Intermediate behavior under reward interpolation in G-OPD

Establish whether, for Generalized On-Policy Distillation (G-OPD) with reward scaling factor λ satisfying 0 < λ < 1, the student model trained under G-OPD exhibits behavior—specifically in performance metrics and response length—that lies between the behavior of the chosen reference model and that of standard On-Policy Distillation corresponding to λ = 1.

Background

The paper introduces Generalized On-Policy Distillation (G-OPD), extending standard OPD by adding a flexible reference model and a reward scaling factor λ that adjusts the weight of the implicit reward relative to the KL regularization. This unifies OPD with dense KL-constrained RL while enabling new regimes of training behavior.

Within this framework, the authors identify the case 0 < λ < 1 as “reward interpolation,” where the optimal solution suggests a log-probability interpolation between teacher and reference distributions.
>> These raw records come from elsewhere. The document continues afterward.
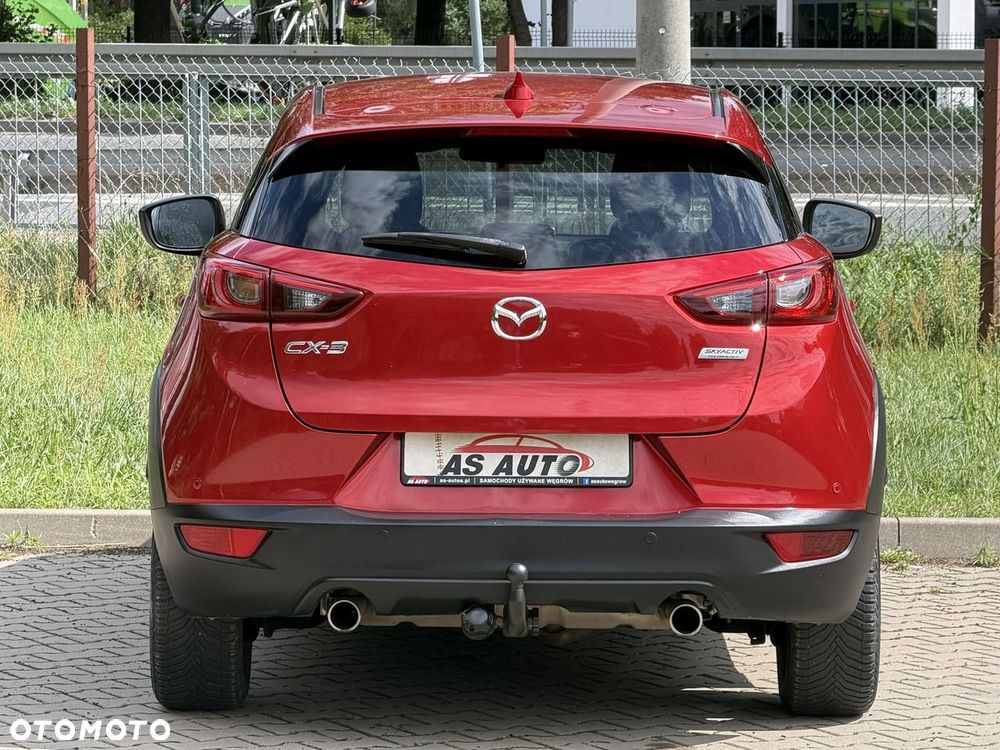 Mazda CX-3 SKYACTIV-G 120 FWD Exclusive-Line - 30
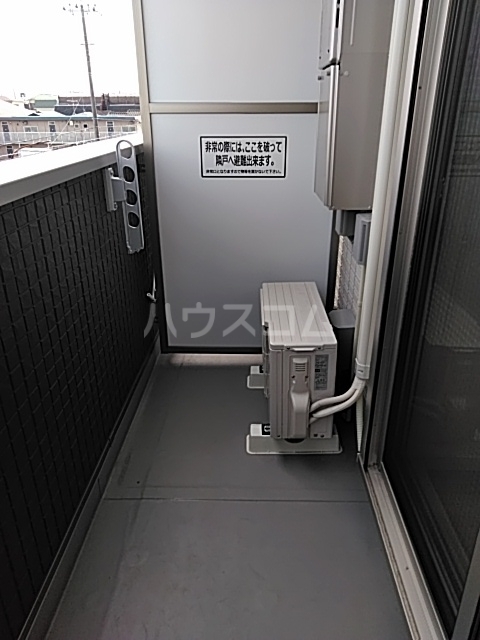 14/30 バルコニー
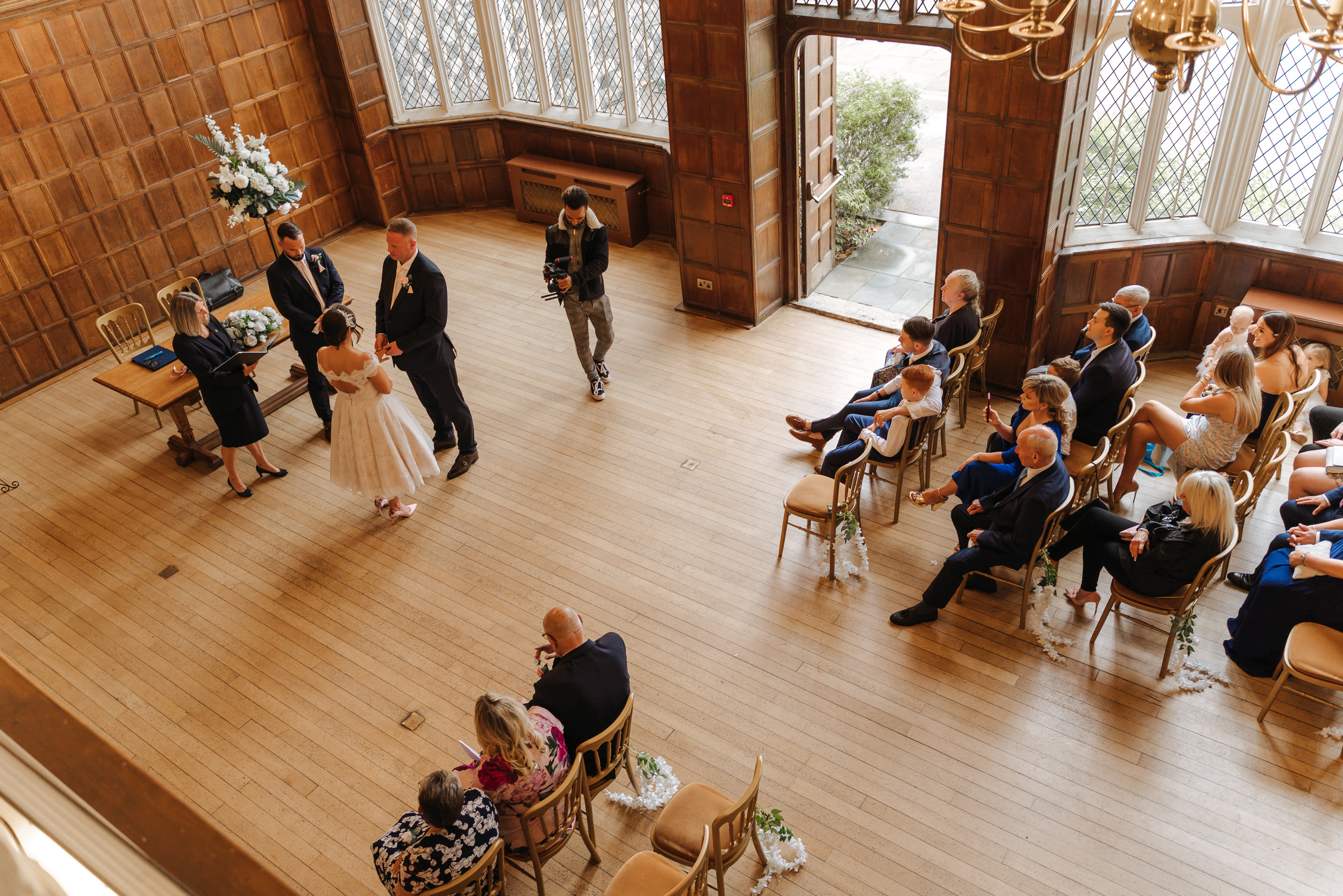 Wedding. Photographer in England Ekaterina Romanova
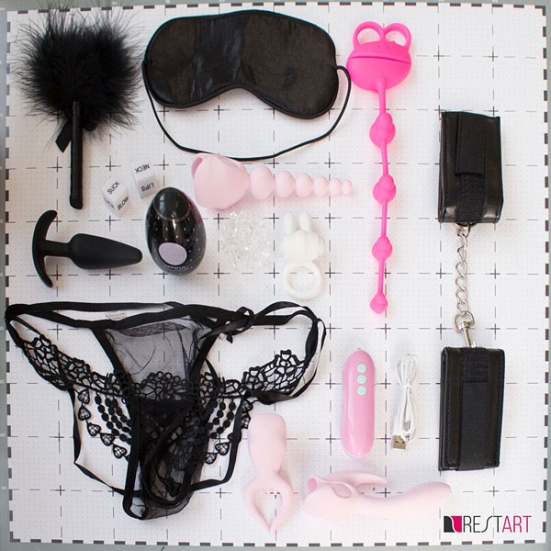 Набор RestArt Two weeks of love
They explicitly conjecture a corresponding empirical behavior: that performance and response length for the trained student will lie between those of the reference model and the λ = 1 OPD solution.

References

We conjecture that, under this setting, the student trained with G-OPD may exhibit behavior (e.g., performance, response length, etc.) that lies between the reference model and the standard OPD with $\lambda=1$.

Learning beyond Teacher: Generalized On-Policy Distillation with Reward Extrapolation  (2602.12125 - Yang et al., 12 Feb 2026) in Section 3.2, paragraph “Reward interpolation and extrapolation in G-OPD”